Classical Presupposition Audit: Peter Singer
Classical Presupposition Audit: Peter Singer
Source: Published works including Animal Liberation (1975), Practical Ethics (1979, third edition 2011), The Expanding Circle (1981), How Are We to Live? (1993), One World (2002), The Life You Can Save (2009), and The Point of View of the Universe (2014, with Katarzyna de Lazari-Radek).
Corpus in use: CPA v1.0. The audit operates exclusively from Singer’s own published argumentative record. Singer is Professor of Bioethics at Princeton University, Ira W. DeCamp Professor of Bioethics at Princeton’s University Center for Human Values, and Laureate Professor at the University of Melbourne. He is the world’s most prominent utilitarian philosopher and the founder of the effective altruism movement. This run is designed as a model CPA for the non-classically committed philosopher type.
Preliminary Note: Singer as Model Case
Peter Singer is the ideal model for the non-classically committed philosopher type for several reasons. He is philosophically rigorous rather than merely populist. He has argued his positions explicitly and at length across five decades. He is explicitly aware of and opposed to several of the classical commitments — he has argued against moral intuitionism, against foundationalism in ethics, and against the priority of the individual rational agent. He represents the utilitarian-consequentialist type that is the dominant non-classical orientation in contemporary academic ethics. And he is maximally different from the classical commitments in a philosophically precise and instructive way.
The governing move of Singer’s entire project is the relocation of moral value from the rational faculty to the capacity for suffering and enjoyment. The question is not “does this being possess reason?” but “can this being suffer?” This single move inverts the classical commitment at its foundation and generates all the downstream divergences the audit will identify. Singer is a philosopher who has thought carefully about exactly the questions the CPA addresses and has arrived at opposite conclusions on the most fundamental ones.

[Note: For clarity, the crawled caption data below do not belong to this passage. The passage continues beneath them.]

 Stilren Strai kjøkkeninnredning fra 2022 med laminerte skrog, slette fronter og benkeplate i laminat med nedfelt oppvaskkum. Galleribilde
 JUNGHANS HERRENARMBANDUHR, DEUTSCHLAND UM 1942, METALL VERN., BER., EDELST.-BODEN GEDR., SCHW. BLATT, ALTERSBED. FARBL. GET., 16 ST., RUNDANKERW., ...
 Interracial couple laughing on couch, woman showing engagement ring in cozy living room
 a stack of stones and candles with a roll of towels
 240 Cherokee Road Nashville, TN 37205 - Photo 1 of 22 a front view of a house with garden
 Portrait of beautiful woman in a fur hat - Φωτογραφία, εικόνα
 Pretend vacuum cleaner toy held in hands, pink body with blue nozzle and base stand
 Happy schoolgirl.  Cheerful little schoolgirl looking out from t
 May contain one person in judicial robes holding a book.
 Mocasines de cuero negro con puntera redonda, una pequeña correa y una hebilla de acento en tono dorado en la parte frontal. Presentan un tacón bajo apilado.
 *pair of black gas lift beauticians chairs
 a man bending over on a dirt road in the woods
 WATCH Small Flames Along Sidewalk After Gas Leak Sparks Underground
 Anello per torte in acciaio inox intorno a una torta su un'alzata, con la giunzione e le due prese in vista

Step 1 — Presupposition Profile
P1 — The capacity for suffering and enjoyment, not the possession of reason, is the criterion of moral consideration. Singer’s foundational move, stated in Animal Liberation and sustained throughout his career, is that Bentham was right: the question that matters morally is not “Can they reason?” or “Can they talk?” but “Can they suffer?” Sentience — the capacity to have subjective experiences of pain and pleasure — is the only morally relevant criterion for inclusion in the circle of moral concern. Reason is neither necessary nor sufficient for moral consideration.
P2 — The right action in any situation is the one that produces the best overall consequences for all affected sentient beings, giving equal weight to equal interests regardless of species. Singer is a preference utilitarian: the morally correct action maximizes the satisfaction of preferences across all sentient beings. No being’s interests count for more than an equivalent interest of any other being merely because of the species to which it belongs. This is the principle of equal consideration of interests, which is the governing standard of his entire ethical system.
P3 — Moral intuitions are the historically contingent products of evolution, cultural formation, and cognitive bias; they are not direct apprehensions of moral truth and carry no independent epistemic authority. Singer argues this explicitly in Practical Ethics and extensively in The Point of View of the Universe. Our intuitions about the special moral status of human beings, about the permissibility of eating animals, about the limits of our obligations to distant strangers — all of these are products of evolutionary pressures and cultural conditioning that tracked reproductive success rather than moral truth. They can be overridden by argument when they conflict with the principle of equal consideration.
P4 — Ethics is an empirical rather than a priori discipline; moral knowledge is developed through argument, evidence, and reflective equilibrium rather than through direct rational apprehension of self-evident principles. Singer holds that ethical conclusions are reached by the same methods as other theoretical conclusions — by assembling evidence, constructing arguments, testing them against considered judgments, and revising accordingly. There are no self-evident moral first principles that stand outside this process as its non-negotiable foundation. His method is explicitly coherentist and revisable.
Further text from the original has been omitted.